Kean-Hammerson saw the three biggest issues at this election were the environment, health and education. He said water was the biggest immediate challenge in the environment. This was not just a Queensland problem. He said Ballarat in Victoria has a crisis and will run out of water in the middle of Summer. Health was the second issue he rated and he said that doctor training needs to be improved. As for education, he said that learning in early childhood was a critical component of life long learning. “Strong funding for education would benefit us and our children,” he said.
Woolly Days then asked him how the Greens could break through the media framing of issues in the terms of the two major parties. Simon began by saying that Australia has always had a choice beyond the two major parties. “The Democrats have held the balance of power in the Senate and now the Greens are having their day,” he said. “People are taking us more seriously and the media are giving us more time on the air.” Kean-Hammerson then denied the Greens were against development. “We are not an anti-development party, we are anti-unsustainable development,” he said. He said he was against building more roads. What was needed was more public transport “in and out and across the city”. He said developers are only looking at how to move cars not people.

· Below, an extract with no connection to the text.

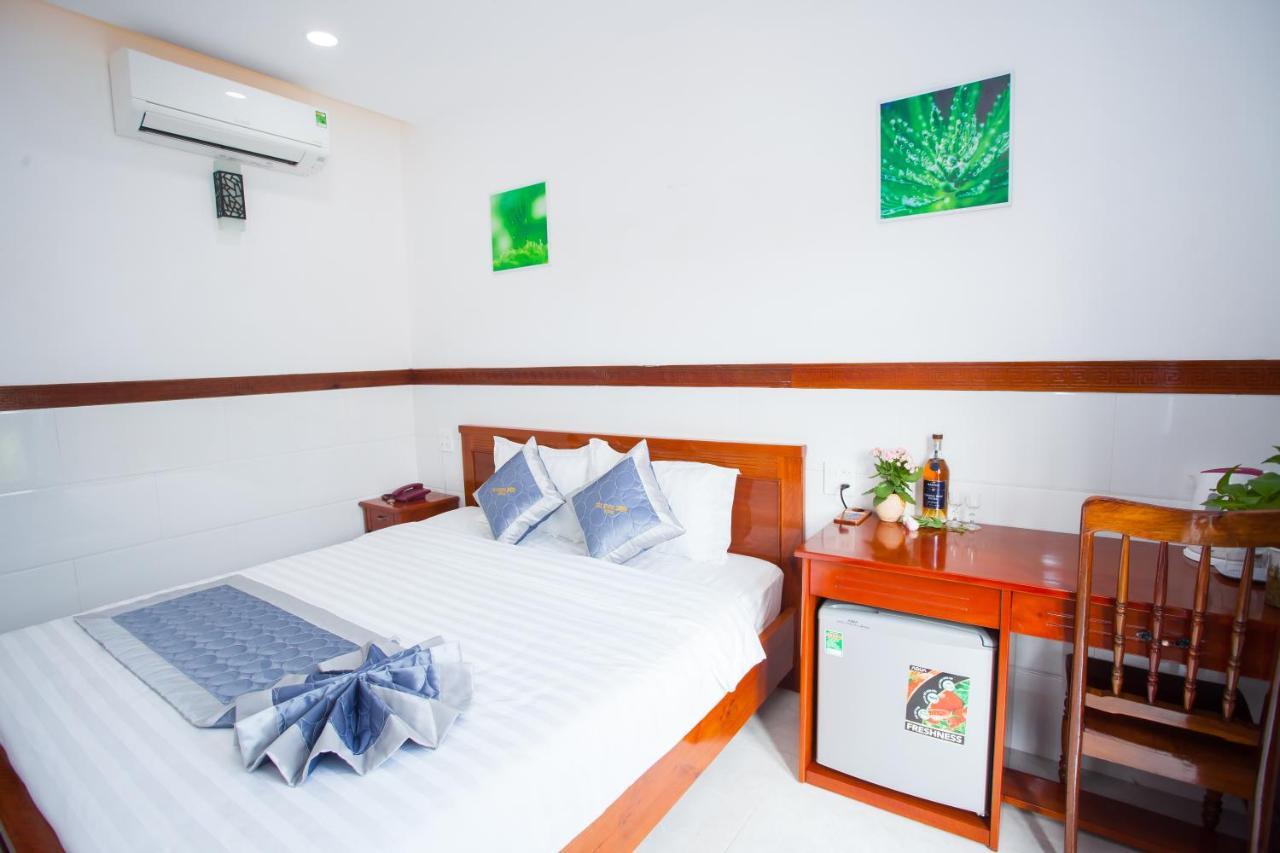Thy Hung Legacy Hotel Tuy Hòa Buitenkant foto
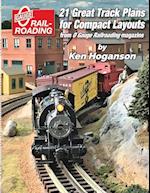 21 Great Track Plans for Compact O Gauge Layouts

He believed that Larissa Waters “had a great chance” of winning a Queensland Senate sear for the Greens. He continued: “we need to have the conscience back in the Senate. Good debate is good for the country”. Simon Kean-Hammerson finished the interview by bringing up two additional points. He decried the planned move of the paediatrician ward from the Prince Charles hospital to the state funded but privately owned Mater hospital. He also condemned the growing development at Brisbane airport including the proposed new parallel runway. He said the people of Lilley had no say on this development on federal land and it would lead to noise pollution, devalued homes in the area and the destruction of the sensitive habitat of Moreton Bay mangroves.